The National Cotton Council of America (NCC) is proud to say that cotton is playing an even greater role in our every day lives — and is an integral part of the U.S. textile manufacturing sector's rapid growth. For example, cotton is the dominant fiber in apparel, having captured two-thirds of that market; cotton towels remain enormously popular with consumers; and 100 percent cotton sheets are regaining prominence in the market. This helps explain why U.S. manufacturers are now using more than 5.5 billion pounds of cotton annually — the most since 1942.
The strong demand for cotton products also explains textile manufacturing's extensive employment and economic benefits. Cotton undergirds a textile sector that provides jobs in all 50 states, employing more people than any other industry — more than autos and more than steel. Textile manufacturing creates jobs in industries that supply mills with equipment and services. Spending by textile manufacturing employees supports local businesses and provides larger tax revenues that create public sector jobs. Economists report that manufacturing jobs create three times as many support jobs as a service job and four and a half times more than a retail position.
A combination of important factors are responsible for the doubling of U.S. cotton production and offtake since the mid-80s:
well-funded promotional programs,
a high-quality product improved through research,
the best service and marketing system among the world's cotton producing countries
a government program that, for the first time, enabled US cotton to be price competitive in the global market under virtually any supply/demand conditions.
All of these are vital to U.S. cotton's exceptional progress.
Enriched Fiber Quality
U.S. growers produce the world's highest quality cotton.
Since the mid-80s, the fiber produced by the U.S. cotton grower has undergone an enormous transformation. U.S. upland cotton is longer, whiter, finer, stronger and purer than any ever grown. These changes result from an effective communications effort among textile manufacturers, cotton growers and seed breeders. Importantly, cotton fiber quality improved while yields continued to increase.

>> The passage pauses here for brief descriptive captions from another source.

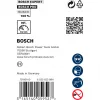 Wiertła Bosch 2608596346 o wysokiej trwałości i precyzji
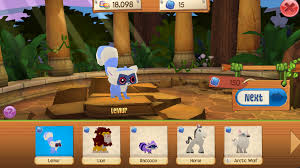 Animal Jam Spirit Blog Play Wild Lemurs Pet Fennec Foxes I just read this because i thought maybe there are some secrets i don't know. play wild lemurs pet fennec foxes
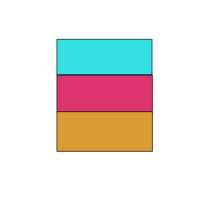 Code Block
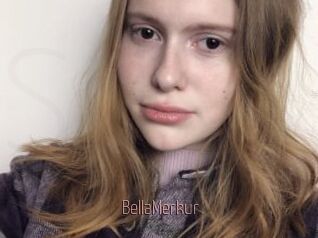 BellaMerkur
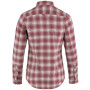 Chemise femme Fjällräven Övik Flannel Shirt W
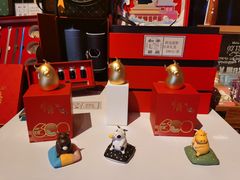 -和平菓局(王府井店)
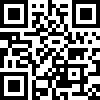 https://en.abna24.com/x9Zvf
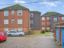 property Thumbnails}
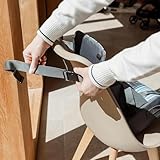 Nuby B07R6JVT5H lato 4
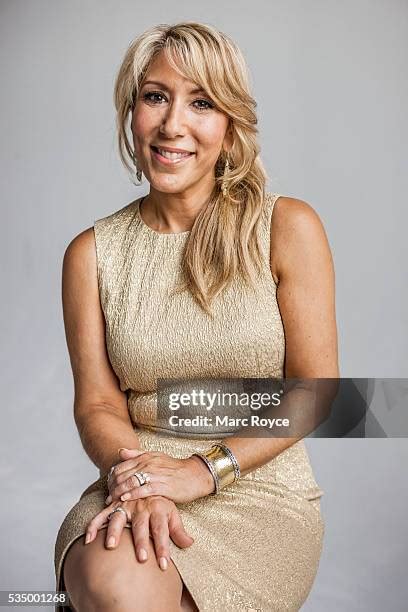 lori greiner nude pics|2,291 Lori Greiner Photos & High Res Pictures .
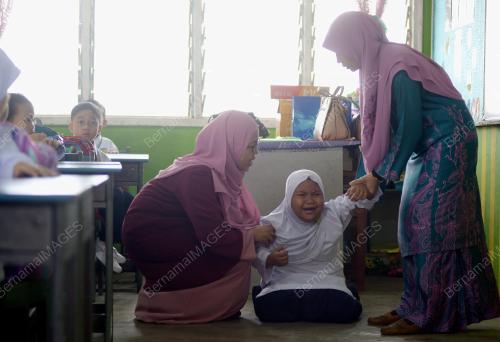 SG04_02012019_SEKOLAH_BN201901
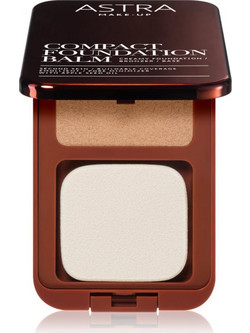 Astra 03 Light/Medium Compact Foundation 7.5gr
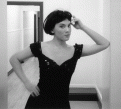 Click image for larger version

Name:	hmbgirl.gif
Views:	112
Size:	137.0 KB
ID:	8938345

Premium cotton fiber quality is essential to high-tech spinning operations. Technologically advanced equipment requires fiber that spins into consistent, high-strength yarn at speeds unheard of just 15 years ago. As a result, textile mills now can spin nearly 600 pounds of cotton into yarn per spindle each year. Ten years ago, each spindle only transformed about 200 pounds of cotton.
As spinning speeds increased, perhaps the greatest demand on fiber was to increase strength. U.S. cotton's strength increased to an average of 29.0 grams/tex in 1995 from 26 in 1984.
Fiber length also made great strides. Just 10 years ago, the average cotton fiber was 1 and 1/16 inches long. Today, the average U.S. cotton fiber length is 1 and 3/32 inches.
The longer fiber allows for the application of more twist during spinning. The increase in twist produces yarn and fabric strong enough to weave such high quality cotton products as pinpoint fabrics for dress shirts.
Fiber fineness, also known as micronaire, and color qualities increased as well. Micronaire is an important factor in determining the fineness of a yarn. Improved color makes the job of dyeing the yarn much easier. Most U.S. cotton now classes as a white grade, the easiest fiber to dye, as compared to spotted or tinged grade. A comparison of the classing data from the last 10 years illustrates that the U.S. has truly become a "one-stop" supermarket of cottons. U.S. cotton growers now produce a tremendous amount of long, white cotton.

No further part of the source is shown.